In the center of the enclosure stands the church,
an edifice of large dimensions, whose plan has almost
the same distribution as the Church of the Ascension
in Neamt. The monastery was erected at the foot of
Mount Stinisoara, between 1554 and 1558, and it has
the same significance as Putna for Stephen the Great
and Pobrata for Petru Rares. It is a monument of great
value, impressive by its sumptuousness, refinement
and individuality. Inside the enclosure is the princely
house, a valuable example of civil architecture, characterized
by the stylistic treatment characteristic of the Renaissance
in Transylvania. The framings of the refectory and
towers are also built under the influence of the Renaissance.
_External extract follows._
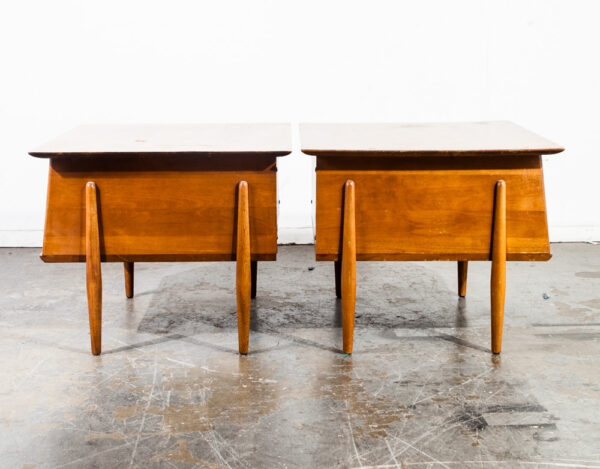Mid Century Modern Nightstands End Side Tables Tambour Doors Maple Wakefield Mcm Solid Wood Sliding Pair Two Vintage Retro 50s 60s - Image 2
Near the church is an ornamental fountain with a marble
base, which also has a Renaissance influence. The
wall surrounding the whole complex is massive, over
2 m thick and 7.2m high, with defense towers. As it
became a necropolis of the prince and his family,
Slatina is one of the monasteries that are as rich
as Putna and Pobrata, and just like them it is a rich
center of culture and Romanian medieval art. The church
of the monastery is built by the master architects
on the orders of Alexandru Lapusneanu following the
design of Pobrata, but it is of much larger dimensions.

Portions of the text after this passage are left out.